- Directed by: Richard Gabai
- Written by: Jeff Neill; Richard Gabai;
- Produced by: Richard Gabai
- Cinematography: Howard Wexler
- Edited by: John Shepphird
- Music by: Larry Berliner
- Production company: Check Entertainment
- Distributed by: RCA/Columbia Pictures Home Entertainment
- Release date: January 1991;
- Running time: 89 minutes
- Country: United States
- Language: English

= Virgin High =

Virgin High is a 1991 direct-to-video sex comedy film directed and produced by Richard Gabai. Gabai co-wrote the film with Jeff Neill and stars Traci Dali, Burt Ward, and Linnea Quigley.

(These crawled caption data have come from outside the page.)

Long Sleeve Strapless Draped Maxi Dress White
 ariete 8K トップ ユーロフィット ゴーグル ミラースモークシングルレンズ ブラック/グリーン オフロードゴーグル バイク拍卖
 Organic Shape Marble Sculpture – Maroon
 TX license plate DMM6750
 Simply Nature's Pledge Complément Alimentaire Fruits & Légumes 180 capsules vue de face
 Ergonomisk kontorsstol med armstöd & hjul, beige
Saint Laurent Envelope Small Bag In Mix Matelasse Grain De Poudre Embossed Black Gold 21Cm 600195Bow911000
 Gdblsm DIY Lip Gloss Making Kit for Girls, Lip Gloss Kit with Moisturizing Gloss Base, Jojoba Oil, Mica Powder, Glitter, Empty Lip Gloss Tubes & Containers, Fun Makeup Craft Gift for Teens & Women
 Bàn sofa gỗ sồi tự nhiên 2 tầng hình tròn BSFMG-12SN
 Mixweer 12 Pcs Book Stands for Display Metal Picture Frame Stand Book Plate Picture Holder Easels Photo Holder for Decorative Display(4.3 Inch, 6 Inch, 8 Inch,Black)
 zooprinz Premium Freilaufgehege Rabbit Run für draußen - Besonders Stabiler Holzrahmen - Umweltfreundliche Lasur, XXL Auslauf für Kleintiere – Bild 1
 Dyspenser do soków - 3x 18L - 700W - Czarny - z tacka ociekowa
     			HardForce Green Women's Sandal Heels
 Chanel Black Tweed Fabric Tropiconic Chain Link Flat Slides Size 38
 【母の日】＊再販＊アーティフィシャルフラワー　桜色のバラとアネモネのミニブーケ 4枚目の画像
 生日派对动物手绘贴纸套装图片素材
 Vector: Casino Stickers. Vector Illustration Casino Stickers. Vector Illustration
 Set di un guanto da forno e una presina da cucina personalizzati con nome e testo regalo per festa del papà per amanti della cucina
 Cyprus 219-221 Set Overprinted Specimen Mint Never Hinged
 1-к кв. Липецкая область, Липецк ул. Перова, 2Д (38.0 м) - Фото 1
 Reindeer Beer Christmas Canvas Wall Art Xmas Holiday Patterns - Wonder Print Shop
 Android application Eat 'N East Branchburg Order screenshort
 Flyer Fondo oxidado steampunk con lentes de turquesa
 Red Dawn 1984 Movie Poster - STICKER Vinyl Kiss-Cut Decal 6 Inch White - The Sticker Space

Gabai plays the boyfriend of a teenage girl sent to Catholic school, which he attempts to bluff his way into so they can have sex.
It was also the first film appearance of Leslie Mann.

== Plot ==
When Christy Murphy's strict parents become suspicious that she's fooling around with boys, they send her to an all-girls Catholic school. Her boyfriend, Jerry, bluffs his way into the school disguised as a priest. Determined to have sex with Christy, Jerry attempts to avoid the nuns while maintaining his cover.

== Cast ==
- Burt Ward as Dick Murphy
- Linnea Quigley as Kathleen
- Traci Dali as Christy Murphy
- Richard Gabai as Jerry
- Kent Burden as Theo
- Michelle Bauer as Miss Bush

== Release ==
RCA/Columbia Pictures Home Entertainment released the film direct-to-video in January 1991.

== Reception ==
Varietys review said that it is "uneven but boasts better writing than most teen sex comedies". The review in TV Guide called it harmless but "nearly pointless and rather dull". Drive-in film critic Joe Bob Briggs sarcastically recommended Virgin High as a family film, rating it two stars.